AlloStem will be evaluated in the CELZ-201 clinical trial for patients with newly diagnosed type 1 diabetes.
Creative Medical Technology Holdings’ AlloStem, an investigational cell therapy based on Perinatal Tissue Derived Cells (PRDC), has received clearance of its investigational new drug (IND) application from the FDA for evaluation in the treatment of type 1 diabetes.1
Allostem is intended to incorporate advantages of PRDC including “self-renewal ability, low antigenicity, reduced toxicity, and large-scale clinical expansion.” It will be evaluated in the CELZ-201 clinical trial for patients with newly diagnosed type 1 diabetes, which the company expects will begin recruiting patients in the first quarter of next year. Camillo Ricordi, MD, Stacy Joy Goodman Professor of Surgery, Distinguished Professor of Medicine, Professor of Biomedical Engineering, and Microbiology and Immunology at the University of Miami in Florida, will serve as the national principal investigator for CELZ-201.
"This is a milestone event for Creative Medical Technology Holdings as it marks the Company's first IND clearance from the FDA," Timothy Warbington, chief executive officer, Creative Medical Technology Holdings, said in a statement regarding the news.1 "We are excited to commence this trial under the guidance of one of the world's most respected diabetes clinical researchers and at a renowned research institute... We are also excited to announce the use of our proprietary AlloStem product in this study, as we believe it validates our efforts in creating assets that support our approach to developing immunotherapies. With this IND clearance, we are accelerating our efforts to identify novel biologics and develop therapies with the potential to effectively treat unmet needs of patients. I wish to acknowledge our team and collaborators for their hard work and dedication to this program. "

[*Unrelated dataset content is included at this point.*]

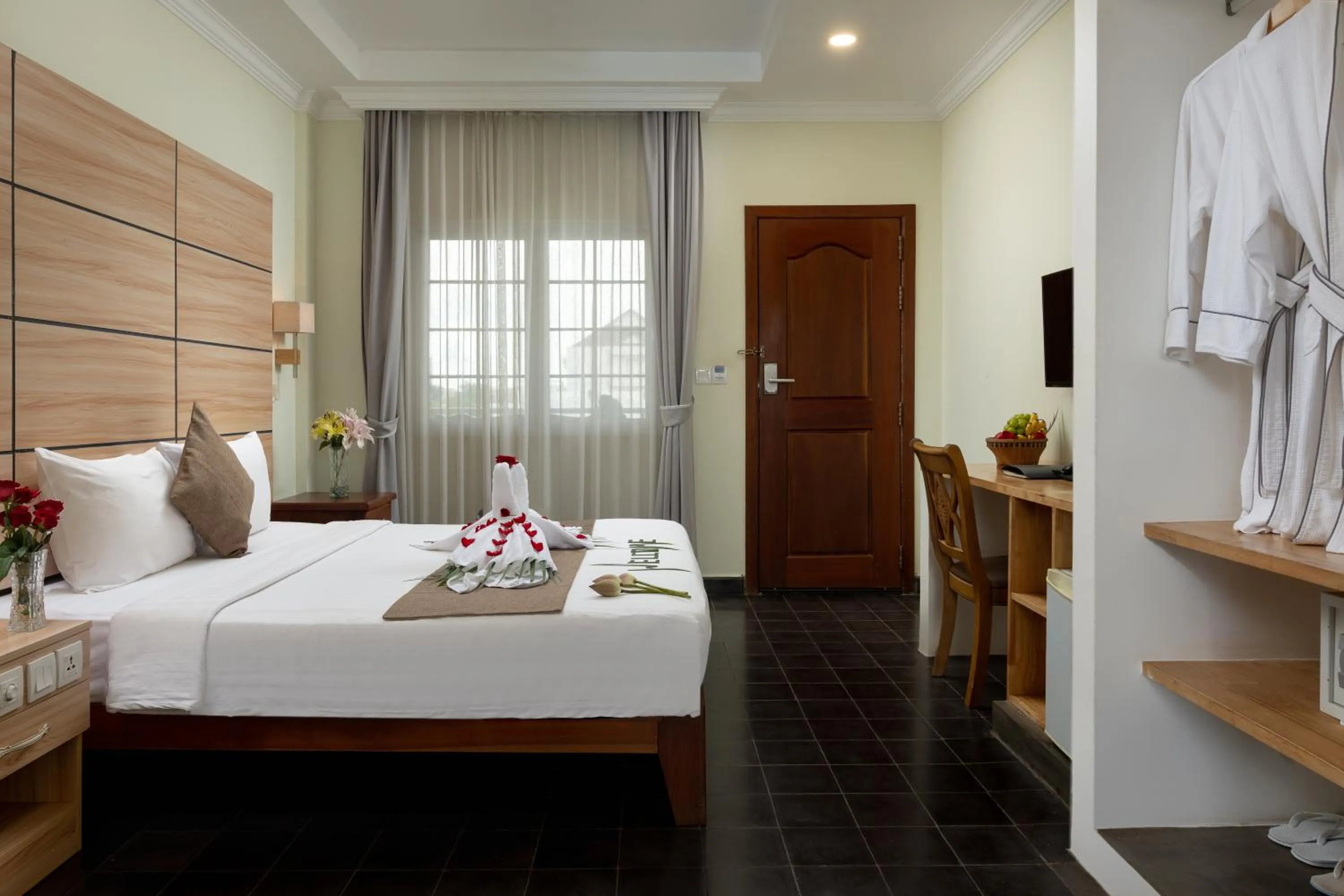 Bed in Grand Bayon Siem Reap Hotel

AlloStem is not the company’s only cell therapy candidate being investigated for the treatment of type 1 diabetes. In January 2021, the company filed a patent for ImmCelz, a cell therapy product produced from patient-derived cells that have been reprogrammed with factors secreted from universal donor stem cells, for the treatment of type 1 diabetes.2,3 At the same time the company announced positive preclinical data for the treatment, including results from studies which showed that ImmCelz reduced incidence of diabetes in a non-obese diabetic model and reversed diabetes in several mice. Dosing was also associated with increases in the production of VEGF, EGF, IGF, and HGF. Additional preclinical studies, results from which were announced in June 2021, showed that Immcelz administered along with myeloid suppressor cells was capable of suppressing autoimmune diabetes. Immcelz is also under preclinical investigation for the treatment of heart disease, liver disease, and kidney disease, and an IND has been filed for Immcelz in the treatment of stroke.4
"The ongoing influx of positive experimental data supports the notion that ImmCelz is a promising therapeutic platform that has ability to address many unmet medical needs associated with degeneration and inflammation," Warbington said in a January 2021 statement.3 "Our vision is that one day ImmCelz will be for degenerative diseases what CAR-T cells were for hematology."